L’intensification du mouvement anti-ESG observée cette année s’explique très certainement par l’incertitude du résultat de la présidentielle de 2024, car c’est de ce dernier que dépendront les mesures prises pour ou contre les projets de lois en préparation. Par ailleurs, le fait que le secteur privé soit totalement dépourvu de sensibilité tant en matière de promotion des pratiques durables au sein des entreprises que pour ce qui concerne la protection des parties prenantes contre les impacts négatifs des activités des entreprises peut également expliquer la multiplication des mesures anti-ESG. Sur le marché américain, l’absence de responsabilisation devient particulièrement palpable lorsque l’on en vient à considérer le fait que la piètre gouvernance d’une entreprise n’affecte pas nécessairement ses résultats financiers à court, moyen ou long terme. D’ailleurs, nombre d’entreprises américaines qui comptent parmi les plus rentables sont fréquemment pointées du doigt par les agences spécialisées dans l’analyse ESG.
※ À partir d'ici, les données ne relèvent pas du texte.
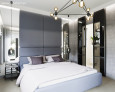 Sypialnia z łóżkiem kontynentalnym oraz panelem tapicerowanym na ścianie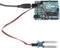 Pictured is an Arduino UNO board with a moisture sensor, connected by cables. It is used for measuring soil moisture.
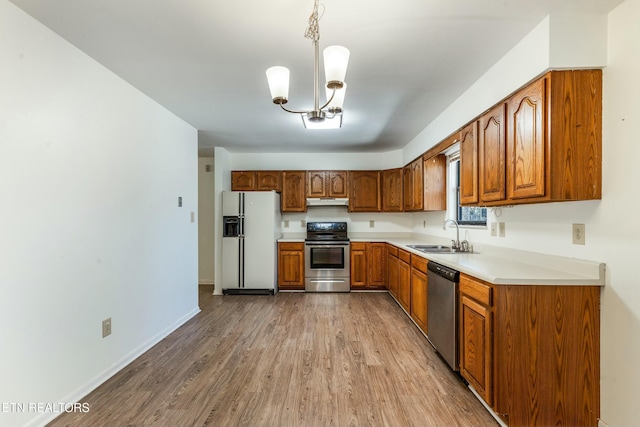 kitchen featuring wood finished floors, brown cabinetry, a sink, stainless steel appliances, and under cabinet range hood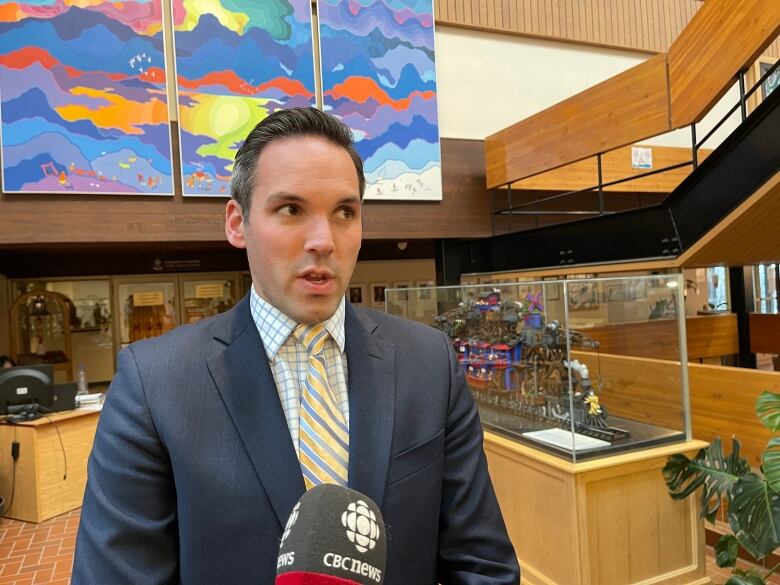 A man speaks into a microphone.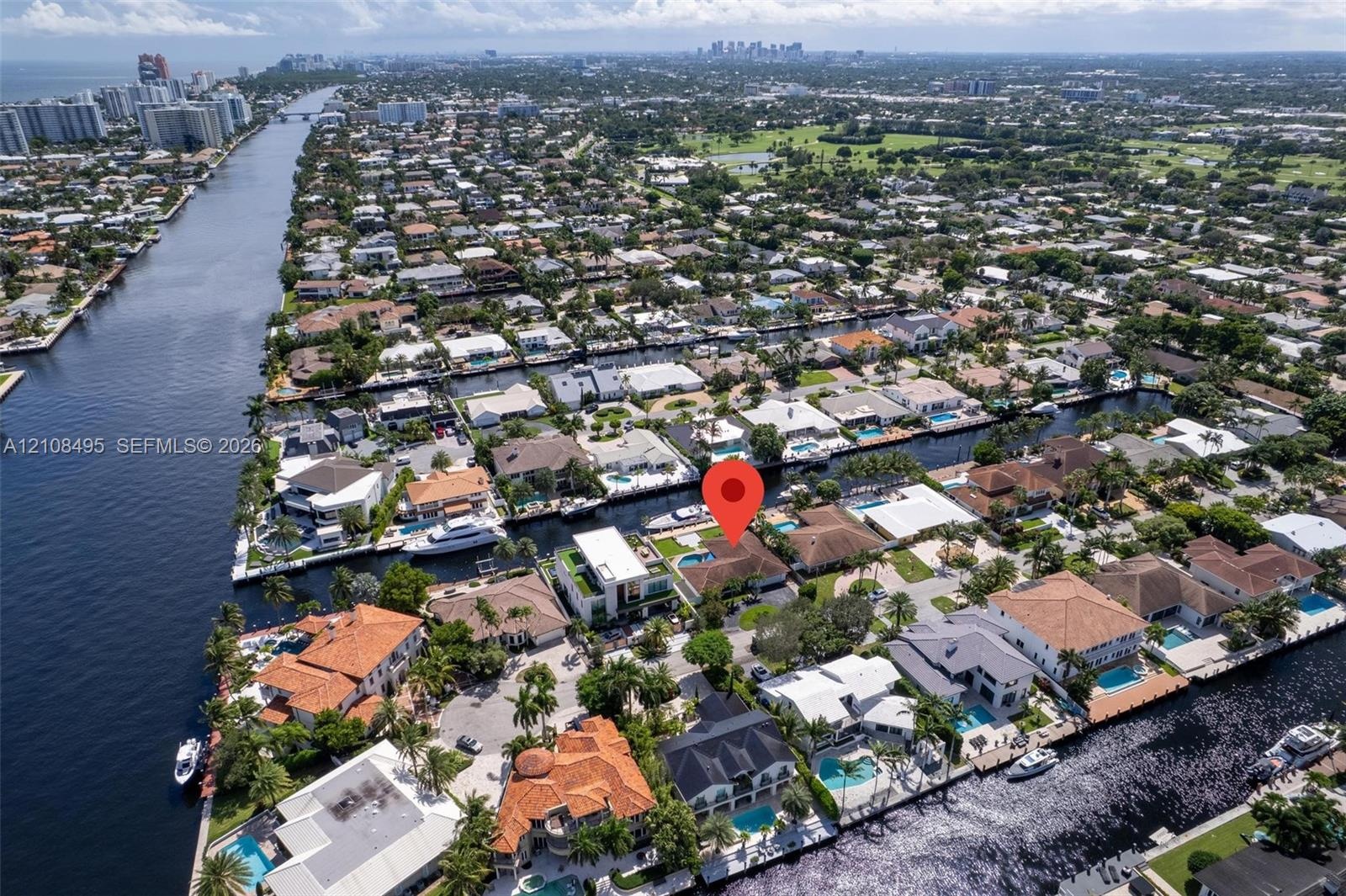Waterfront property featuring a tile roof, paved driveway, swimming pool, and private boat dock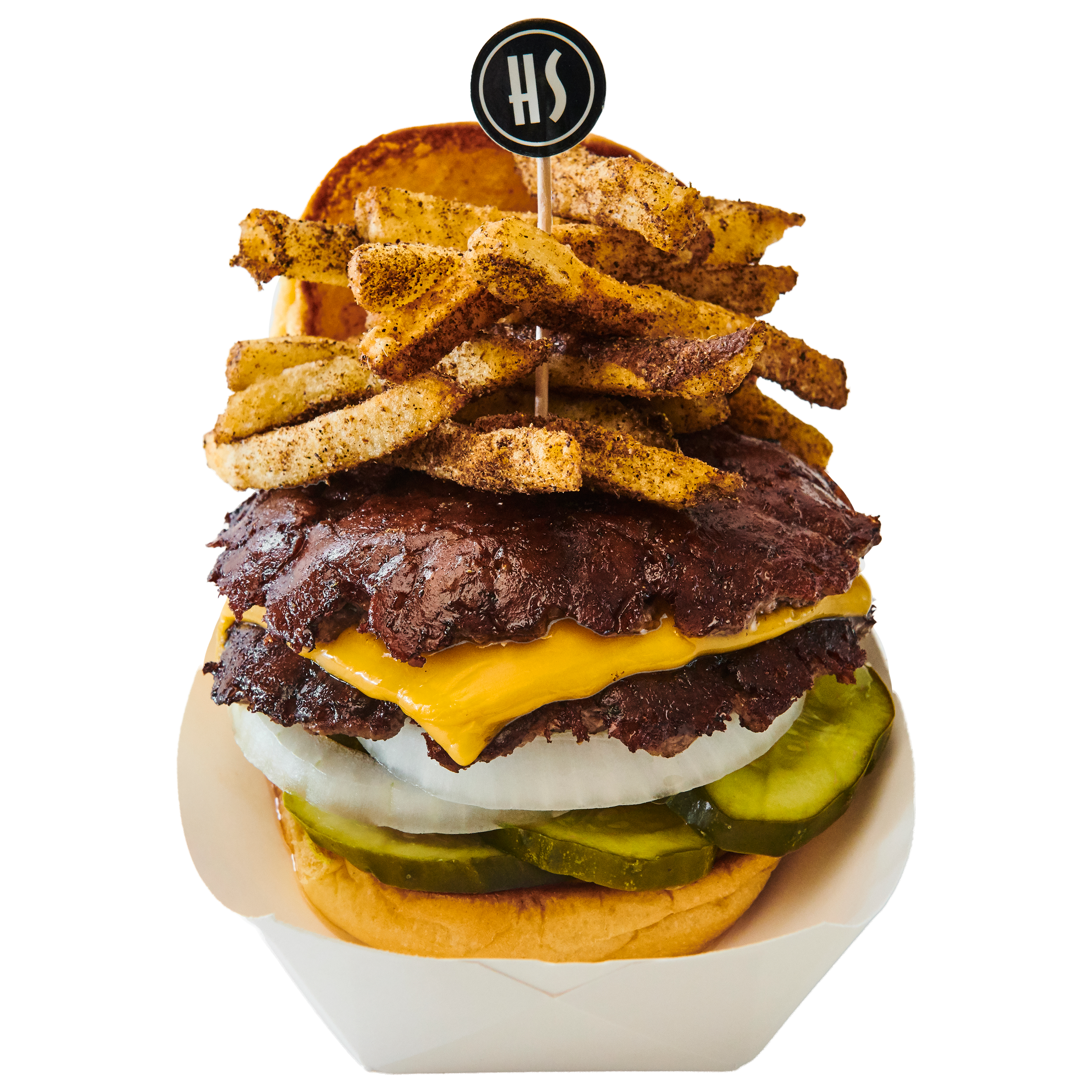 A burger with multiple beef patties, cheddar cheese, pickles, onions, and bun, topped with seasoned potato chips and a small sign with the letters 'SH'.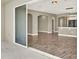 Open-concept living room featuring modern tile flooring and view of patio at 1740 Standing Rock Cir, Oakland, FL 34787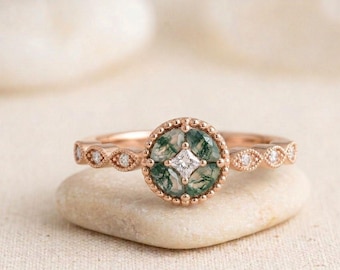 May include: A rose gold ring featuring a circular moss agate centre stone with a small square-cut diamond at its core. The band is detailed with a beaded edge and small round diamonds set within marquise-shaped metal frames along the shank.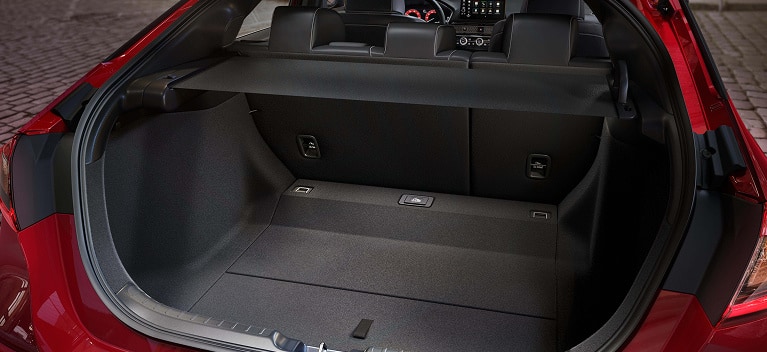 2026 Honda Civic Hatchback Sport Touring Hybrid spacious cargo area with rear seats up and cargo cover (Compact Hatchback).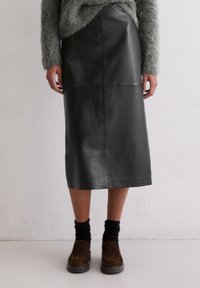 Czarna skórzana spódnica midi o gładkiej fakturze, z detalami szwów i prostym krojem. W zestawie z brązowymi butami i czarnymi skarpetkami.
Des conséquences jusqu’en Europe?

Plus étonnant est le fait que le scepticisme vis-à-vis de la durabilité gagne également du terrain dans l’Union européenne. Ce phénomène peut difficilement être dissocié des élections à venir ainsi que d’un contexte où l’on voit d’un côté les Etats européens membres de l’Alliance atlantique planifier une augmentation de leurs dépenses militaires (les 380 milliards de dollars prévus correspondent à 2% de la somme de l’ensemble de leurs PIB, ce qui constitue un record historique) et de l’autre l’UE amenée à réduire de 30% son objectif de réduction des émissions pour 2040 du fait des récentes manifestations des agriculteurs. Même si sur le plan de la durabilité les Etats-Unis ont toujours été considérés comme un cas particulier, il n’en reste pas moins vrai que toute décision prise à Washington aura des implications pour l’Union européenne. On ne peut donc que s’interroger pour savoir si les mesures prises aujourd’hui doivent être considérées comme préventives par rapport aux barrages qui pourraient être mis en place dès la fin de cette année.

Ce retour de manivelle en matière d’ESG entraîne un affaiblissement des mesures prises par l’UE dans ce domaine. Il pourrait donc bouleverser toute la politique de durabilité qu’elle a mis des années à mettre en place et qui était ambitieuse. Jusqu’à très récemment, il paraissait impensable de prendre la moindre liberté par rapport à la stratégie de décarbonisation établie dans le cadre du Pacte vert pour l’Europe, pourtant, nous nous trouvons déjà aujourd’hui confrontés à l’échec imminent de la loi sur la restauration de la nature (adoptée fin février 2024 par le parlement européen). Et, plus préoccupant encore, si l’industrie de l’armement historiquement considérée comme «sale» ou non durable selon la taxonomie de l’UE, devient une priorité absolue sur le plan politique, cela signifie que toutes les restrictions auxquelles les investisseurs ont été confrontés au fil des ans risquent d’être remises en question.